The secret to being all that you can be – to balancing your abilities against your capabilities while blending the comfort of where you are with the promise of what you might wish to achieve – is in setting realistic goals that stretch your reality from what is to what has not yet been accomplished. Intentional action must be initiated if change is desired – for to see or experience new things one must physically, emotionally and perceptually alter the current situation in such a way as to tear down the confining walls of “what is” and exchange them for limitless sea of “what could be.” While one may never fail without established goals, how can one measure progress unless an objective – or destination – has been determined?  How can one move forward if they do not know when to stop – or even when to start – doing something different? While one rarely tastes defeat when choosing to live within their familiar world, they cannot savor those things not previously considered possible until they decide to act differently rather than simply expecting altered results without changing their predictable behavior.

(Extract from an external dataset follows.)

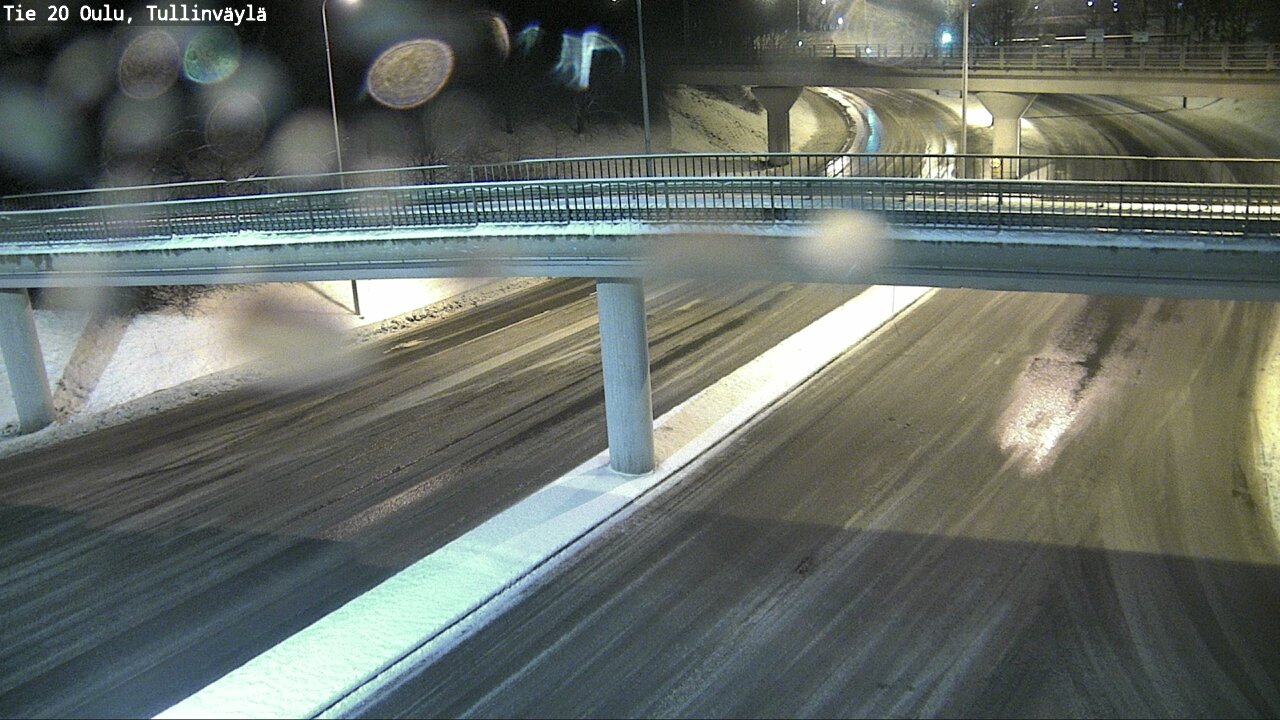 Weather Camera Image Väg 20 Uleåborg, Tullinväylä, Oulu, Pohjois-Pohjanmaa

Life is not a spectator sport – it is an interactive opportunity to transform the present into the future (but does not do so on its own). Life provides us with the canvas upon which dreams may become reality (but we must act if we are to create such a masterpiece for it will not be painted on its own). Knowing the right answers to questions asked by another might help us overcome obstacles that could hinder our progress as we seek to accomplish defined things but leveraging our knowledge and experience to ask the right questions is much more fulfilling. Like planting seeds – if nurtured and cared for, our ideas will be brought to fruition but if planted and ignored they will die out and become overrun with weeds. When we act upon the information received from the questions we ask, our dreams will grow and become seeds ready for harvest. Recognize, though, that as much as it might wish to become an apple tree, a cherry pit will not grow into anything other than a cherry tree. In the same manner, our ideas and dreams must be plausible – we must have the knowledge, skill and ability to act once a path to success has been identified – if we are to enjoy the things found through our seeking, receive the benefits of our asking and achieve the rewards of accomplishing the goals we establish. We must seek before we can find. We must ask before we can receive. In order to achieve, we must act intentionally upon the information we discover while seeking and incorporate what we learn when asking. Seek to find and ask to receive BUT do not fail to act intentionally upon the information found and the wisdom received in order to achieve!